The question to ask in the function I want to create is something like: when a equal a given level (let's say 2 for example). We look at b[which(a==2)] and check whether all levels of b are contained in b[which(a==2)] and also check if all levels of b[which(a==2)] are repeated the same number of times.

Upvotes: 1

Views: 130

Answers (2)

hadley
hadley

Reputation: 103938

There's a very simple way to do this using plyr's id() function:

library(plyr)
a <- c(1,1,1,1,2,2,2,2,3,3,3,3)
b <- c(1,2,1,2,1,2,1,2,1,2,1,2)
c <- c(1,1,2,2,1,1,2,2,1,1,2,2)

ids <- id(data.frame(a, b, c))
attr(ids, "n") == length(unique(ids))
# [1] TRUE

d <- c(1,1,2,2,1,1,2,2,1,1,2,3)
ids <- id(data.frame(a, b, d))
attr(ids, "n") == length(unique(ids))
# [1] FALSE

id() works by assigning a unique id to each row in the input, in such a way that there's room for all possible combinations.
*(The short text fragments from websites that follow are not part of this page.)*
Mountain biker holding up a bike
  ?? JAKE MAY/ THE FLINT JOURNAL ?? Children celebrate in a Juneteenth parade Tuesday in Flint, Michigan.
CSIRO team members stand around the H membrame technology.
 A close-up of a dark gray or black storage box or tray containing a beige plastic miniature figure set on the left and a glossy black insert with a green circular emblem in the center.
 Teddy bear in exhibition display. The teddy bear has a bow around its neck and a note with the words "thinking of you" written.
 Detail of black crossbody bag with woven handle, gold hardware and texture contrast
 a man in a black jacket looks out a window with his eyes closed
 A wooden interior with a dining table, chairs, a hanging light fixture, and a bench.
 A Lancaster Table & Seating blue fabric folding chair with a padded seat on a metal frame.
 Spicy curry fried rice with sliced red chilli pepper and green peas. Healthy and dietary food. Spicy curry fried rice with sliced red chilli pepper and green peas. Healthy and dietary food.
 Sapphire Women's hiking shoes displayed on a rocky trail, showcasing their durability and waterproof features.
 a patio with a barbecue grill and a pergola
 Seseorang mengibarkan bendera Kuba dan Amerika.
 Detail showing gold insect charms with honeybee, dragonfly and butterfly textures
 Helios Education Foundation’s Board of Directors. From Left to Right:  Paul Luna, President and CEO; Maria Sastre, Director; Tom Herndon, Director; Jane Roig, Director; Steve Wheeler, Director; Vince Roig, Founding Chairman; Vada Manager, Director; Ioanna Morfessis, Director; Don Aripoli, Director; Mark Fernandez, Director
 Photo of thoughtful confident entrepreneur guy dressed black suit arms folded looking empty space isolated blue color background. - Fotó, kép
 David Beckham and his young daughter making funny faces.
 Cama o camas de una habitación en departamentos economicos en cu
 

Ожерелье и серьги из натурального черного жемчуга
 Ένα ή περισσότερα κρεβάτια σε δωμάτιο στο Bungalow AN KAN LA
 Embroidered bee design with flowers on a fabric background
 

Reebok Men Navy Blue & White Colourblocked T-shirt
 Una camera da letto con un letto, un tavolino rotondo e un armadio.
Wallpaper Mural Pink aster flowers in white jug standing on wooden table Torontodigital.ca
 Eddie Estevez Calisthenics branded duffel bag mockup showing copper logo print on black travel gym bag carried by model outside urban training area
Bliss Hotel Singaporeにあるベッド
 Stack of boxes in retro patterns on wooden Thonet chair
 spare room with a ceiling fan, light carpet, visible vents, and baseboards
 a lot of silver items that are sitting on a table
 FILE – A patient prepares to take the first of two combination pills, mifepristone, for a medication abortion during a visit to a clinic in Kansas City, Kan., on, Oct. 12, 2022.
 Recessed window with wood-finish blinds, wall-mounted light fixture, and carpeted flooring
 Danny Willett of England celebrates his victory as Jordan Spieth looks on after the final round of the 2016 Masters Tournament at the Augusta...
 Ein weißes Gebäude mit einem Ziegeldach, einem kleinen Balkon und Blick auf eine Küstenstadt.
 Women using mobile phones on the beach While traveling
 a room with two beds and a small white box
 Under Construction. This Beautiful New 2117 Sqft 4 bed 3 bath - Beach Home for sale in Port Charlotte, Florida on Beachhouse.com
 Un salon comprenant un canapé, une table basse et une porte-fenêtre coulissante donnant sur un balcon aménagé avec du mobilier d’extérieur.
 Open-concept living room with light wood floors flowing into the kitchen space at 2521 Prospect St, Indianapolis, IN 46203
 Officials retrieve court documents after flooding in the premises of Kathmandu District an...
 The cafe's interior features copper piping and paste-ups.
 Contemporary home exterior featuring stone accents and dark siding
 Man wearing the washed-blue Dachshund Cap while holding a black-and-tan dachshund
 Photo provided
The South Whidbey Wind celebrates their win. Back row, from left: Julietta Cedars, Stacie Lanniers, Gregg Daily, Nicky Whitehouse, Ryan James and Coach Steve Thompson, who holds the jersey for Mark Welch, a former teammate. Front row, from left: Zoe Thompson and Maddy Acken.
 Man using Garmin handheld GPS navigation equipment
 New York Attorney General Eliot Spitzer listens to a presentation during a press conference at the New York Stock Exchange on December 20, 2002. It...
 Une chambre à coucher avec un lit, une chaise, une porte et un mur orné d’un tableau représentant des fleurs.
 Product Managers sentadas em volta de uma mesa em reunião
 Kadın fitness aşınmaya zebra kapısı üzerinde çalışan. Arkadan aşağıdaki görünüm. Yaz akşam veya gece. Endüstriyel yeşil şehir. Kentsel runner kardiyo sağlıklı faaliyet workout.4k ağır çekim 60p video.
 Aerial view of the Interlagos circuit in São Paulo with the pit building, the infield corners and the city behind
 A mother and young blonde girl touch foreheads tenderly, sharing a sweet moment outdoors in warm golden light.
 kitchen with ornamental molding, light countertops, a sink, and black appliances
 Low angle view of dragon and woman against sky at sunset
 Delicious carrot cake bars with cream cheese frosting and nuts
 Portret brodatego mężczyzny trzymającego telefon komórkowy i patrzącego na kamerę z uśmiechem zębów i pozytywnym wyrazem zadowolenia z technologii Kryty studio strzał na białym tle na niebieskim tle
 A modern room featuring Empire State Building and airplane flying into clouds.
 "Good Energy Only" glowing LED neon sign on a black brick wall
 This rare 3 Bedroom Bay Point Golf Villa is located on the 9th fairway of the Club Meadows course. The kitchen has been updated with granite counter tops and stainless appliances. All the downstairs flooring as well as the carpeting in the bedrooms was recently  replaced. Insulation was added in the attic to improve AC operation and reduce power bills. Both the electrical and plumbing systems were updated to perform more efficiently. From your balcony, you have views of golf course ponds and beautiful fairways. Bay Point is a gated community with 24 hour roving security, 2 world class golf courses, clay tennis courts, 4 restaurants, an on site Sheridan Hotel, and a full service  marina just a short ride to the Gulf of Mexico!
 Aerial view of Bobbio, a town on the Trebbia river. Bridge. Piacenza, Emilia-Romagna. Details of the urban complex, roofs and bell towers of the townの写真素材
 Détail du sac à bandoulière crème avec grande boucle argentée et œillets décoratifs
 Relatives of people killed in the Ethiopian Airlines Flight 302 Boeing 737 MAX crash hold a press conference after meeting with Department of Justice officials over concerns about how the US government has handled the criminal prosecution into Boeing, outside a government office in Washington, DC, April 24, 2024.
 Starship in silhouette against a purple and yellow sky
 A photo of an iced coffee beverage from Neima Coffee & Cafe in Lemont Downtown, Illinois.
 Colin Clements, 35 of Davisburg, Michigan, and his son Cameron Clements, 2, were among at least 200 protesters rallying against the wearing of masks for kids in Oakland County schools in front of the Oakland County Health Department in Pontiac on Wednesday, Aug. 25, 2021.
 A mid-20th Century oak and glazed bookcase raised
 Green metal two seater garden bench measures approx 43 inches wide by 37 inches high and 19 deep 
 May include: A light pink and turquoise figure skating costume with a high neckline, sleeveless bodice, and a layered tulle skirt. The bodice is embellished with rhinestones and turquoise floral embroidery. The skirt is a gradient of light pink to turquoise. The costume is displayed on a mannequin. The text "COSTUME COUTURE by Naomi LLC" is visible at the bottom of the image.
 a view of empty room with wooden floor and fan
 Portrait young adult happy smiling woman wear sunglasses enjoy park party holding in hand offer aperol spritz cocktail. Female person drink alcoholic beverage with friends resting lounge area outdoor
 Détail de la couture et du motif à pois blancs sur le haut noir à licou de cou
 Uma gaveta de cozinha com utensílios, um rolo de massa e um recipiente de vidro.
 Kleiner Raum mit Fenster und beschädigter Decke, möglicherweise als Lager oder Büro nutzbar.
The output contains an attribute, n, which gives the total possible number of combinations.

Upvotes: 4

A5C1D2H2I1M1N2O1R2T1
A5C1D2H2I1M1N2O1R2T1

Reputation: 193667

If I understand correctly, you might be able to use interaction in some way as a first-cut in deciding whether your data are complete.

Looking at your examples, it seems like there should always be one unique combination (not 2, not 0) of all the unique levels within each vector. So, for the first set you show:

> all(table(interaction(a, b, c)) == 1)
[1] TRUE

And, for the other two examples, if you did the same, you would get FALSE as the result.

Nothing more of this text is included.